Hayk Hovhannisyan: CivilNet, fact-checking journalist

As a fact-checking journalist, I spend much time in my daily work watching, listening to, transcribing, and monitoring various videos and interviews. Recently, there has been rapid development in Artificial Intelligence tools, and the world’s leading media organizations have started using them to create content; this has sparked my interest in the direction our technology community is taking. I have been considering building a platform that utilizes artificial intelligence to create, edit, and enhance Armenian content.

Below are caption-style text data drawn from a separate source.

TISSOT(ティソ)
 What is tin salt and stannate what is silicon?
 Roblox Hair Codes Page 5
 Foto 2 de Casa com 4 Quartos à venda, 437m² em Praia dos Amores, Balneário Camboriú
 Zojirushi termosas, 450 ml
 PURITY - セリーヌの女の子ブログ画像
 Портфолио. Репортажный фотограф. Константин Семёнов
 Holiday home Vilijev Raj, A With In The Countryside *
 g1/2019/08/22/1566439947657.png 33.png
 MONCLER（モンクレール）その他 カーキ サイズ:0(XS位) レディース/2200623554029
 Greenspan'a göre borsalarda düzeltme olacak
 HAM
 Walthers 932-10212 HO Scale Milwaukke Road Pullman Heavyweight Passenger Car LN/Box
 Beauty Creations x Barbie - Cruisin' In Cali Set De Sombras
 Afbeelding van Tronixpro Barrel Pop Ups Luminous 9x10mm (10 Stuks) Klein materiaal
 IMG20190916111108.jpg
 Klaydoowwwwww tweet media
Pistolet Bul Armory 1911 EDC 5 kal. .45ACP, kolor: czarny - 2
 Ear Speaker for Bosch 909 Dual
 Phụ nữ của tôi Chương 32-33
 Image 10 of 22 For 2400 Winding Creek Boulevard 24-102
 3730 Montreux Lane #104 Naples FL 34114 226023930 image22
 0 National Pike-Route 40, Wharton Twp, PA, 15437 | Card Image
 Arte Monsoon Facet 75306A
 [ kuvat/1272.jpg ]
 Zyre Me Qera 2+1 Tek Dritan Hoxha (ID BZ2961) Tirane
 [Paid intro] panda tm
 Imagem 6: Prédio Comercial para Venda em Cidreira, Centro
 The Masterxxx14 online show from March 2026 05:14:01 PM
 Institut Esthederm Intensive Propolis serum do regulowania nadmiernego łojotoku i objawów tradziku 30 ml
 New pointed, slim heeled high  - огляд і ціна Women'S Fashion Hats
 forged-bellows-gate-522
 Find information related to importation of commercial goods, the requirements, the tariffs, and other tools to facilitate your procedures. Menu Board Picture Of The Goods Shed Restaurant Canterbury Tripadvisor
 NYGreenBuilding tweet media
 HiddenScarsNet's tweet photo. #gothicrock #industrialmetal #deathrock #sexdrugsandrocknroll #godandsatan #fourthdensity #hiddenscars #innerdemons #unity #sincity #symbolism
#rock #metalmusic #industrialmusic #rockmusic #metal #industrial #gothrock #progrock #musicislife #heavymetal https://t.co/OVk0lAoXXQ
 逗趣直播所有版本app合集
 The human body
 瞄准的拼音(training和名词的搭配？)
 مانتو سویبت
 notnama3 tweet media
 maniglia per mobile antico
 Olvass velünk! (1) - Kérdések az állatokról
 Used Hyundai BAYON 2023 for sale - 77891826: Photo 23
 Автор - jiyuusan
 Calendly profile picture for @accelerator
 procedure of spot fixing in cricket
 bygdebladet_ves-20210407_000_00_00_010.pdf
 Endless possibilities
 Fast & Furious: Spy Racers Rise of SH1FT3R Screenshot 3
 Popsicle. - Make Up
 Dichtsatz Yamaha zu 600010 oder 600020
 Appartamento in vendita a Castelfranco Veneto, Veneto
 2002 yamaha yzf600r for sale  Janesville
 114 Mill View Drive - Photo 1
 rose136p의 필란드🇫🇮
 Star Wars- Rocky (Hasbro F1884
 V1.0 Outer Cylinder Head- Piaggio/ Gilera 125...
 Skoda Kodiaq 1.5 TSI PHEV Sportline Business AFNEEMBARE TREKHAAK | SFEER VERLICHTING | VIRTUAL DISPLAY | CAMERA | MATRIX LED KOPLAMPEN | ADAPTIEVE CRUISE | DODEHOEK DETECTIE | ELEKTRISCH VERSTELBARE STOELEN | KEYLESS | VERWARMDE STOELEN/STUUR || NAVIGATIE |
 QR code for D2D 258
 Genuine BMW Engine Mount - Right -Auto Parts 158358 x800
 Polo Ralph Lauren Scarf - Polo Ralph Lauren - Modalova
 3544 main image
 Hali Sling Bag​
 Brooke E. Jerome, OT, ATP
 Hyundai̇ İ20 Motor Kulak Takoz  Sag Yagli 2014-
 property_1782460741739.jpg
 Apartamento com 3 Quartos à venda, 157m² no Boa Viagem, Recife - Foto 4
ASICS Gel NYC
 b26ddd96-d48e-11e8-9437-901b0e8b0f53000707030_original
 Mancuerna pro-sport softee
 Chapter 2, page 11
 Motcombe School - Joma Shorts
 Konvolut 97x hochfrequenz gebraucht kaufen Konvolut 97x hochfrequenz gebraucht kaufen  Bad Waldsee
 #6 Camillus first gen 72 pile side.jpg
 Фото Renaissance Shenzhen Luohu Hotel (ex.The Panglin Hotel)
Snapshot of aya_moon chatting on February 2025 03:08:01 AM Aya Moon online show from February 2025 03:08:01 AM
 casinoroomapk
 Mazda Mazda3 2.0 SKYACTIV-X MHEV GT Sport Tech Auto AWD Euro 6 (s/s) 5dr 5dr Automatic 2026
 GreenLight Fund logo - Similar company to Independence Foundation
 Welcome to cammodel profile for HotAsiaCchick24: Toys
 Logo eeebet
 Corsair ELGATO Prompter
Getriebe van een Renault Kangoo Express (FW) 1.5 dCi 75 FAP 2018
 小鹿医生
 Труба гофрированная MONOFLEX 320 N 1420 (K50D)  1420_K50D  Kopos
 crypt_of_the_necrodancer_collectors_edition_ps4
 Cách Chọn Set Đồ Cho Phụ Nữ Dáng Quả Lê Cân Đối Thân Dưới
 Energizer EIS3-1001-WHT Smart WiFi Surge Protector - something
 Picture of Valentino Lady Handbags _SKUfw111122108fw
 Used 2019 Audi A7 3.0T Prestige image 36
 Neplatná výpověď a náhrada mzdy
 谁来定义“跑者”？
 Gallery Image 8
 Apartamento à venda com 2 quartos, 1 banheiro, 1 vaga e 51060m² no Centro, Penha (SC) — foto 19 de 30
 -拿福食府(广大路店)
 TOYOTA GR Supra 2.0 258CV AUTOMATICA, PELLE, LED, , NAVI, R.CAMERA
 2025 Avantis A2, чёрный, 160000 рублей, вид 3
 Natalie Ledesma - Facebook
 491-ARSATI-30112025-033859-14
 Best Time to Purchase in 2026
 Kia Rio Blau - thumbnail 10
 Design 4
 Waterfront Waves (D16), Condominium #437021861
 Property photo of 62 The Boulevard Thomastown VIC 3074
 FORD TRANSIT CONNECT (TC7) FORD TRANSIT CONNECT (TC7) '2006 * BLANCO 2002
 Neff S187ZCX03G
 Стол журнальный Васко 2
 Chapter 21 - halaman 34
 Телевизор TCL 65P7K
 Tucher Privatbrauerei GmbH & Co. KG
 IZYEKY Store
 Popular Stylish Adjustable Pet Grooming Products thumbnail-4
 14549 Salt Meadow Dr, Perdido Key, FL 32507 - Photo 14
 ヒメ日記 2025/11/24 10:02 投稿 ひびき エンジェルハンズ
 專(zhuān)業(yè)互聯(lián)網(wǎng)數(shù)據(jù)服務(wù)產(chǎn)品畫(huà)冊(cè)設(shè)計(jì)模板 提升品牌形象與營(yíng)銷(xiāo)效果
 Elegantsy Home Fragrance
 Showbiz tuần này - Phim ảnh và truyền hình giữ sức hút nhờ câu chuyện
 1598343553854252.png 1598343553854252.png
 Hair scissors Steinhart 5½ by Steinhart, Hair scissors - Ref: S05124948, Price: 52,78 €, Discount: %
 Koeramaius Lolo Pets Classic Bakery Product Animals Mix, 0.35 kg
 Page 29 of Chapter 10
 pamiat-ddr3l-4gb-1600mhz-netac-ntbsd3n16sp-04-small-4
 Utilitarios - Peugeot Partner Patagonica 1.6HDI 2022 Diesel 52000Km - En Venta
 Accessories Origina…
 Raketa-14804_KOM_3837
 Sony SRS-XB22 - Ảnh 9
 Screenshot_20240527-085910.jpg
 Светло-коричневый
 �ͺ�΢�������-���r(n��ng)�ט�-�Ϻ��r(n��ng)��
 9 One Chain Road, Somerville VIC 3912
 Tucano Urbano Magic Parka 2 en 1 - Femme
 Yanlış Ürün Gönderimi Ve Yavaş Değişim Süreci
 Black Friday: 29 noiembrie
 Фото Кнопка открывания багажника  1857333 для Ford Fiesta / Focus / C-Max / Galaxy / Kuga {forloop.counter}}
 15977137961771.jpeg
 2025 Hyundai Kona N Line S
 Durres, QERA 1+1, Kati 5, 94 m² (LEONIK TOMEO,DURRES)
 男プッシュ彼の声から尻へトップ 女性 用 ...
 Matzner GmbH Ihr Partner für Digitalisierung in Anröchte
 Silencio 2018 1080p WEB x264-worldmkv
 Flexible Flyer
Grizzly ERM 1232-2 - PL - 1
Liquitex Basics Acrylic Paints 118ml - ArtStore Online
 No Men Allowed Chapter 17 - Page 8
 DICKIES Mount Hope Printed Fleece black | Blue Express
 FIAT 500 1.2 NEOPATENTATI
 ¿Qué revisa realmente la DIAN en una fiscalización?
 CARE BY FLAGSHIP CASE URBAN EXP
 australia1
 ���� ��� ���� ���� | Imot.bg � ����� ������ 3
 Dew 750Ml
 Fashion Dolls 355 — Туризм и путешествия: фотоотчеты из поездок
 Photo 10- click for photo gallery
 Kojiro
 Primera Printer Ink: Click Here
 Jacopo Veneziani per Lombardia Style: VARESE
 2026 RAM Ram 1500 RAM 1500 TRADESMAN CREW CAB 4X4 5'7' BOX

Various professionals from different fields came together to discuss the idea. As a journalist, I identified and presented the issues the media industry needs to address while our programming team started working on finding solutions to these problems. I believe that the strength of our team lies in our ability to complement each other professionally, which will ultimately help the platform significantly improve the efficiency of media work.

Hayk Hovhannisyan

One of the main functions of our startup, our platform, will be to transcribe native spoken words using artificial intelligence, but we have decided not to limit ourselves to that. In addition to editing the transcribed text correctly and making the necessary punctuation and spelling corrections, the platform will enable you to turn the written word into spoken word. We also encounter this problem a lot in our daily work. The process of preparing reports will become easier, reducing the time spent.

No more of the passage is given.